-- DATA SEGMENT follows --

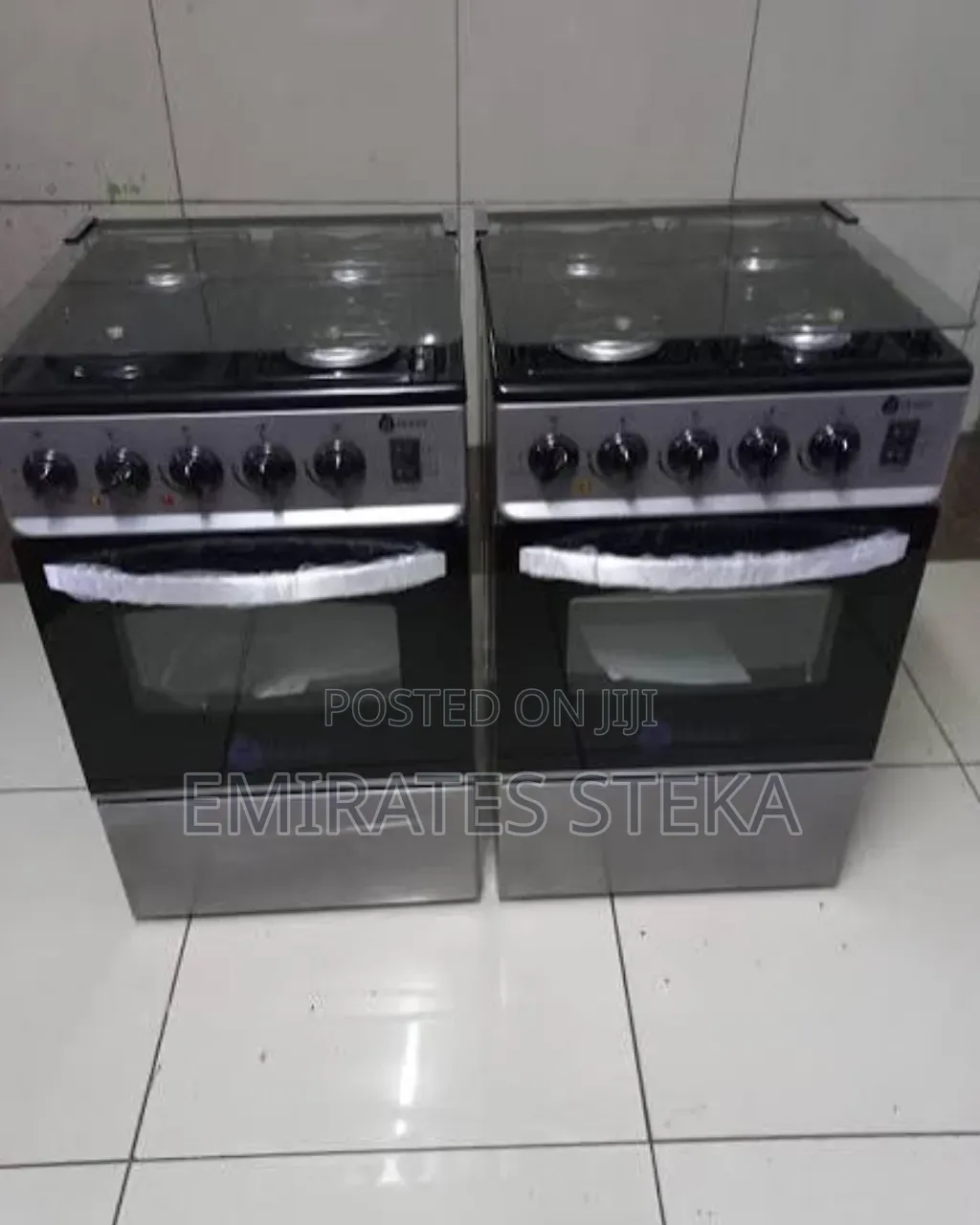 Nunix 50*55 Full Gas With Gas Oven Standing Cooker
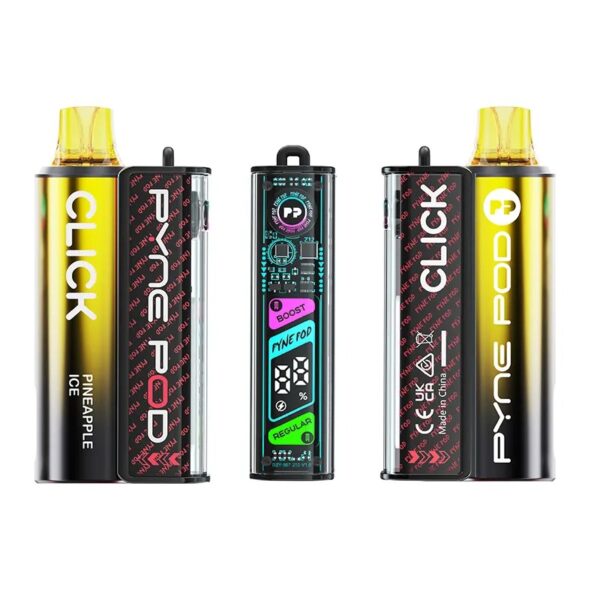 PYNE POD CLICK 10K PREFILLED DISPOSABLE VAPE KIT 20MG - Image 36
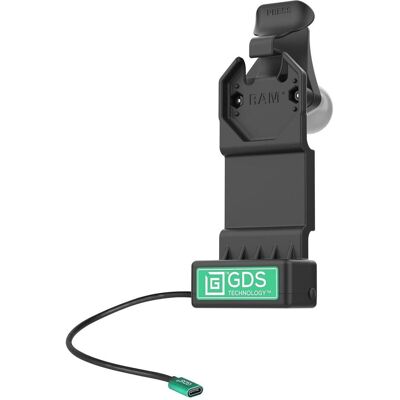 RAM Mounts Gds Power Only Snap In, Tablet Halterung, Grün, Schwarz RAM Mounts Gds Power Only Snap In, Tablet Halterung, Grün, Schwarz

-- DATA SEGMENT concluded --

EXERCISE INSTRUCTIONS:
Would you return the whole listing above exactly as written, skipping any image?

PROBLEM SOLUTION:
 Nunix 50*55 Full Gas With Gas Oven Standing Cooker
 PYNE POD CLICK 10K PREFILLED DISPOSABLE VAPE KIT 20MG - Image 36
 RAM Mounts Gds Power Only Snap In, Tablet Halterung, Grün, Schwarz RAM Mounts Gds Power Only Snap In, Tablet Halterung, Grün, Schwarz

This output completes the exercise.